From Mises Wiki, the global repository of classical-liberal thought
Jump to: navigation, search

Deontological ethics is just an internally consistent and empirically validated system of rules that allows us to accurately predict whether a given action will produce good or bad results in the long run and big picture. There is no conflict between deontological and consequentialist approaches, except when the consequentialist is pursuing a short-term or small-picture objective. Leucosticte (talk) 01:09, 20 January 2014 (EST)

I also think of it as analogous to a mathematical summation or series function that converges on the perfect consequentialist conclusion as the number of factors considered in the context approaches infinity. The summation/series function allows it to be calculated without having to actually process an infinite number of factors.

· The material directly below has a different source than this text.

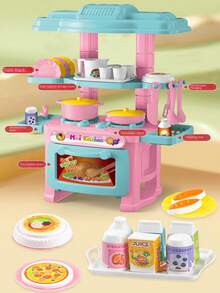 Kids Kitchen Playset, Children Role Play Toy Set, Miniature Cooking Utensils Simulation Kitchen Toy, Parent-Child Interactive Toy, For Boys And Girls, Birthday Gift, Holiday Gift, Halloween Interactive Gift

I would say "My brain hurts after reading that" but I think that the grey matter only perceived the "WHOOSH" as it went over my head. Leucosticte (talk) 01:09, 20 January 2014 (EST)
Utilitarian calculation is even more mythical than socialistic calculation. Kant is the original deontologist. Deontology is necessarily duty, for that is what the root means. Can you cite for me a single branch of deontology that does not appeal to duty, lol? How does coming to the same conclusion as utilitarian calculation remove duty from deontology?
"Utilitarian calculation is even more mythical than socialistic calculation." They're about the same. How do you define duty? I'm using it in the sense of doing something out of an obligation to something other than your own self-interest. If you could make the mythical "perfect" utilitarian calculation of what particular actions are in your own best interests, those acts would not be a duty. Nathan's and my view of deontology is that it - if done correctly - arrives at the conclusion that perfect calculation would if it wasn't mythical, and so the actions it prescribes are not duties. Whatever the derivation of the word, conceptually it is only seen as prescribing duties because almost all deontological frameworks prescribe actions that are, at worst, opposed to your best interests, or at best are opposed to what your best interests appear to be when looking at a short time horizon.
@Adrian, I think our disconnect is in the precise definition of deontology. Rand's ethics are essentially deontological (despite her protestations against it) with value as one of the inputs. This is, in my view, enough to eliminate the notion of duty from deontology. Other deontologies, such as those of Kant and religious ethics, do take individual value out of the mix entirely. If you want to say that doing so, retaining duty, is essential to deontology, then fine, I accept your (and her) rejection of the term, but then we need a term for a prescriptive a-priori ethics sans duty. Maybe there is one, I'm not sure. Is objectivism the only example?
I agree about the evil of duty, and I agree that consequentialist calculation is impossible. Rand's "the moral is the practical" says that moral conclusions will be what consequentialist calculation would arrive at if we could evaluate the infinite number of facts, interactions. and relationships, including those created in the future by free will. Obviously that is impossible, which is why any realistic approach to consequentialism does indeed open the door to (nearly) any arbitrary conclusion. The alternative, then, that one should do the moral thing, even if it *appears* to be the less practical thing, seems to me to be a basically deontological approach.